#57 – Take Advantage When The Development Window is Open

Before you know it, your young athlete will be walking out the door for their first year of college. This comes fast! It’s important to realize that our kids are only on loan to us for a short period of time. Here is one way to make the best of it!

Know Your Child's Development Window

There are clear development windows for all sorts of things from walking and talking to understanding how to navigate mixed gender social situations. A youth athletic coach is focused somewhere within the period of time between 3 years old and 18 years old.
Each age grouping has it’s own development focus that is determined by a mixture of factors including physical maturity, emotional maturity, and mental maturity. Tables have been drawn up by development experts to show coaches what activities, intensities, time duration, communication styles, rules, safety factors, and equipment are appropriate.

Since every individual is different, coaches for a given age group will often review the development tables for 1-2 years on either side of the age group they will be coaching. Programs differ in the range of players they serve as well. So for example, a travel program has a tryout and sorting function before a given season, and therefore has less variability per team. Recreation programs, by contrast, are open to everyone of all abilities, so they tend to program a wider range of variability and flexibility into their development plans.

As a parent or a coach, knowing that we only have 15 years to work with, and that each years has a specific developmental focus, should put the youth sports window of opportunity into clearer perspective.

US Youth Soccer Player Development Pyramid

Not To Worry

Some concerned parents have become aware of this development window and the fact that there is a specific focus for each age group and wondered out loud to me whether their child has already missed some important developmental windows and therefore will never be great at the sport they are exploring. I’ve taken players on at 14 years old who have barely touched a soccer ball. There was a learning curve, of course, but they didn’t have any less fun.

One thing to remember: those guidelines are just that: guidelines. It’s important for a coach to know when kids are parallel playing, for example, so she doesn’t frustrate herself trying to get 4 year olds to understand game strategy. It’s important for the coach of a 15 year old team to understand that hormonally driven social dynamics are at play so he doesn’t embarrass a player in front of his friends and turn him that player away from the game.

While it is true that players who play more and play longer are generally more competitive players, we mustn’t chose NOT to play soccer because we fear the other kids are too far ahead. Work ethic and nature will both take their course and in the end, can have a really excellent effect on a young person’s life.

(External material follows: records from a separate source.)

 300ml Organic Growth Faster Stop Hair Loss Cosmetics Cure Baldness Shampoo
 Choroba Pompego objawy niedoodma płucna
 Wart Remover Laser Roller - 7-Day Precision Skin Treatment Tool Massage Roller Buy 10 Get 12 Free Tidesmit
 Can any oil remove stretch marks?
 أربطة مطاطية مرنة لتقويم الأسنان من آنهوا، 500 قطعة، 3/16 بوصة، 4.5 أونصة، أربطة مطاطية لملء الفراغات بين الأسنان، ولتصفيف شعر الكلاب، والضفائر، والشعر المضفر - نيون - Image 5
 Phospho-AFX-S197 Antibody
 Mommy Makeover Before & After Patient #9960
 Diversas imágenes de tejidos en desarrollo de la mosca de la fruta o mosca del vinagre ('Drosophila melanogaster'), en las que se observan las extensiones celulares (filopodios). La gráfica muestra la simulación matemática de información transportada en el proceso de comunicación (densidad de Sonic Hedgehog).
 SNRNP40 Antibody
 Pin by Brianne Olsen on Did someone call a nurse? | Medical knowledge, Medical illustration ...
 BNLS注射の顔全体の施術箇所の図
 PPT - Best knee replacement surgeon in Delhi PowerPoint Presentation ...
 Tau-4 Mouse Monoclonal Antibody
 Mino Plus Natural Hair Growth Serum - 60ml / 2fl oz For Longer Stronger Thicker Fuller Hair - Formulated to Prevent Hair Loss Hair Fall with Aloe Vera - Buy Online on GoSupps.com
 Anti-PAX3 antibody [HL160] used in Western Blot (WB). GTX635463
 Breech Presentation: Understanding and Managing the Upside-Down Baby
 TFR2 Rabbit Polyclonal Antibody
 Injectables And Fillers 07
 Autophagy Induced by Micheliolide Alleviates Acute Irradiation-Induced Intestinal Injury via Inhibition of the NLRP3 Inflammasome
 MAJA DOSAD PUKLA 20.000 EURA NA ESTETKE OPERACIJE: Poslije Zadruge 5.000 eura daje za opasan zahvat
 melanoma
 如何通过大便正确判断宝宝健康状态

Being in Tune With Your Child's Development Cycle

It’s one thing to be aware that there is a development window, another to be aware of what each stage of development is focused on, yet another thing all together to be proactively supportive at each stage. If your coach is trained to know these stages, he or she may be able to share some information with you as to how you might best support your player. If he or she is not trained in the various stages, you can send me an email at Podcast@TheSoccerSidelines.com, tell me the age of your player, and I’ll send you a copy of a development table so you can look it up for yourself.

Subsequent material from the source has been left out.